What could have been so much more effective would have been workshops to increase the network-building amongst these youth or breakout sessions that were regionally-specific or issue-specific, saying let’s have this room devoted to adaptation to climate change in urban centers, let’s have all the youth who work towards that, who are doing incredible, mind-blowing, innovative projects to solve these problems. That’s why they’re here. Let’s have another room for those who are confronting climate change in the Arctic and in each of these rooms. Let’s set community norms and standards of accountability that we will take into account the fact that we are not representative of all the youth who are experiencing these issues on a day-to-day basis. We are simply those who got enough attention to be invited to a space like this. Like, let’s acknowledge how we can decolonize our own institutions and organizations when we leave here. Let’s talk about how we can bring other people up with us because none of this happens outside of community and none of this matters if you’re not uplifting the community that got you here. 

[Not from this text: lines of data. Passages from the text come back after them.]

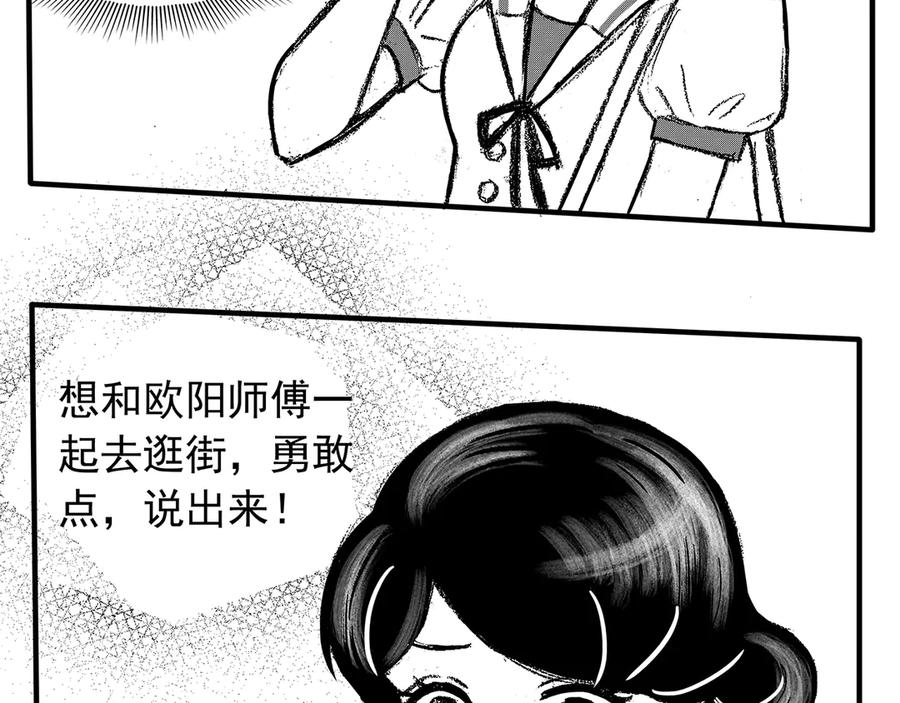 《通灵先生》第11话 欲望之滋养No.2 第14页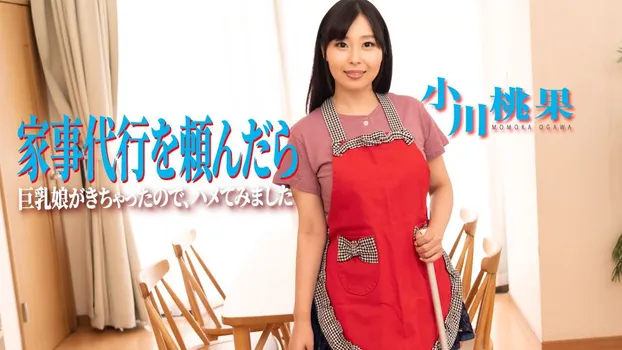小川桃果：家事代行を頼んだら、巨乳娘がきちゃったので、ハメてみました（av9898）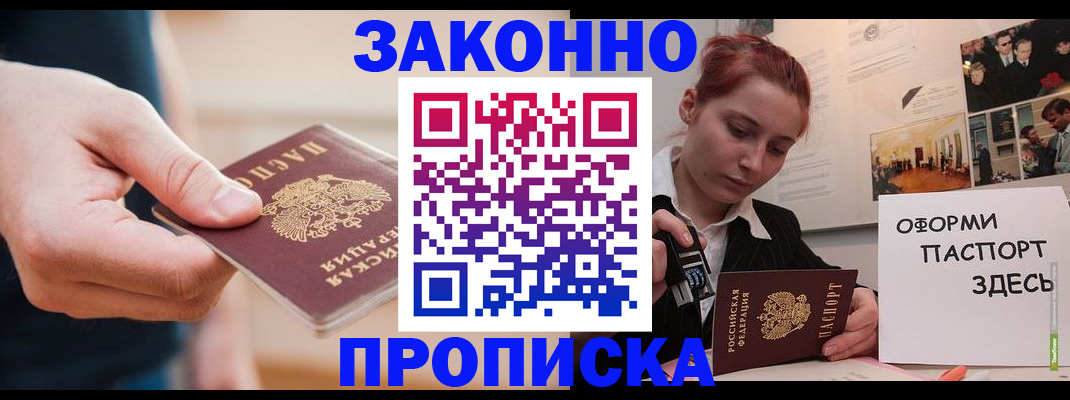временная регистрация для школы в Горнозаводске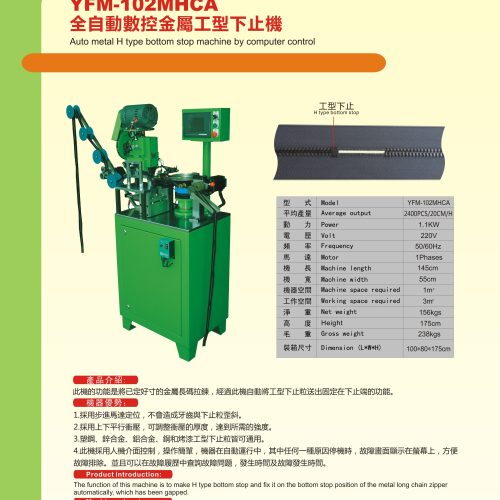 YFM-102MHCA - Bottom stop machine - YFM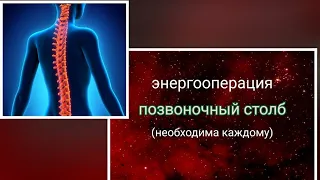 #энергооперация Позвоночный столб (необходима каждому). Почему?! Читайте в описании.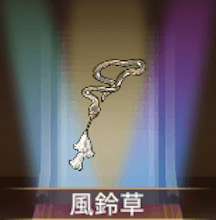 少女廻戦の風鈴草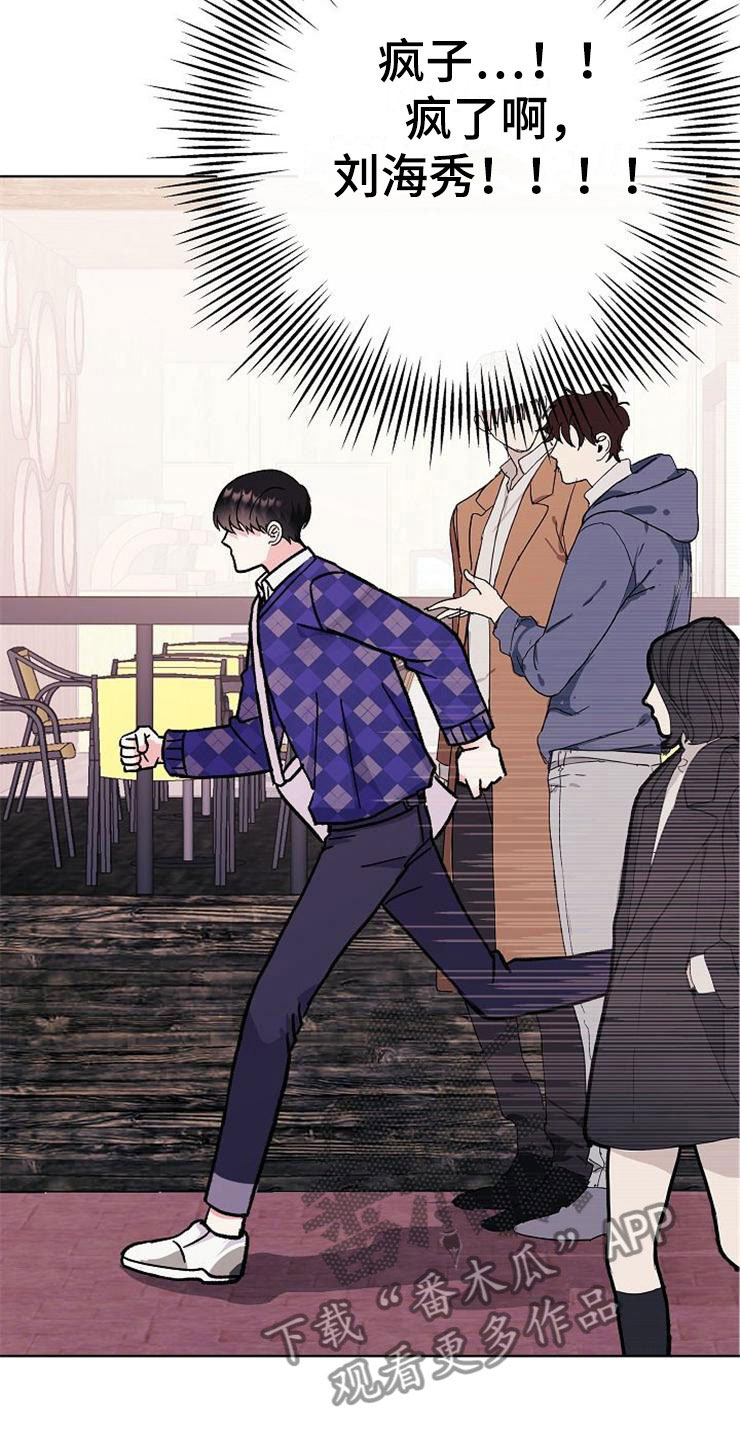 落跑甜心漫画,第5章：影射4图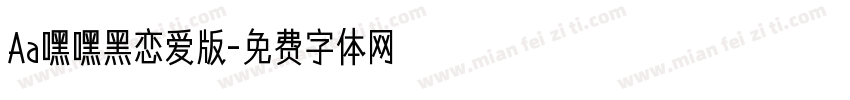 Aa嘿嘿黑恋爱版字体转换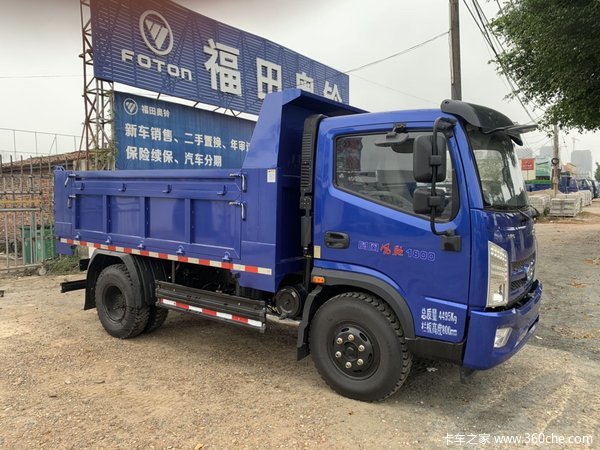 时风风驰畅销车型火热优惠中 欢迎新老客户咨询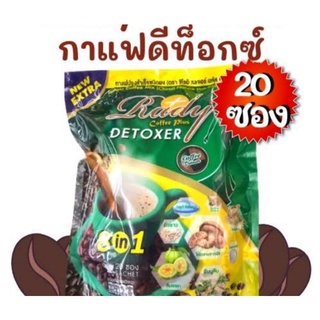 เรดี้ กาแฟดีท็อกซ์ Rady Coffee Plus detoxerของเเท้💯%(1ถุง)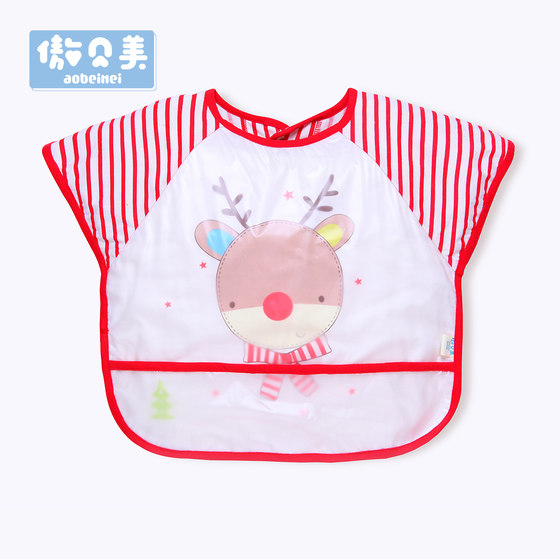 Baby no-wash bibs, autumn and winter eating protective clothing, infant and toddler eating smocks, waterproof and stain-resistant painting clothes, reverse dressing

If I can come up with this off the top of my head in two seconds, did no one think about how to make this conference more effective and not just an entertaining playground for a day? I definitely got the impression that they expected us to be grateful and satisfied to just to go to the U.N. No! We are demanding action, we are demanding measurable, meaningful, and permanent change. And it was frustrating, it was extremely frustrating to never have an opportunity for dialogue. I am grateful that I had the opportunity to go. It’s an opportunity that most people I know have not had. But what do I bring back to my community after (the conference)? I met some amazing individuals who are doing really cool work. How do I help the people in Alaska who are facing the life-changing impact of climate change today? Like it’s really cool to invite students who are working on this issue, but why are we not speaking to the people who are living this issue?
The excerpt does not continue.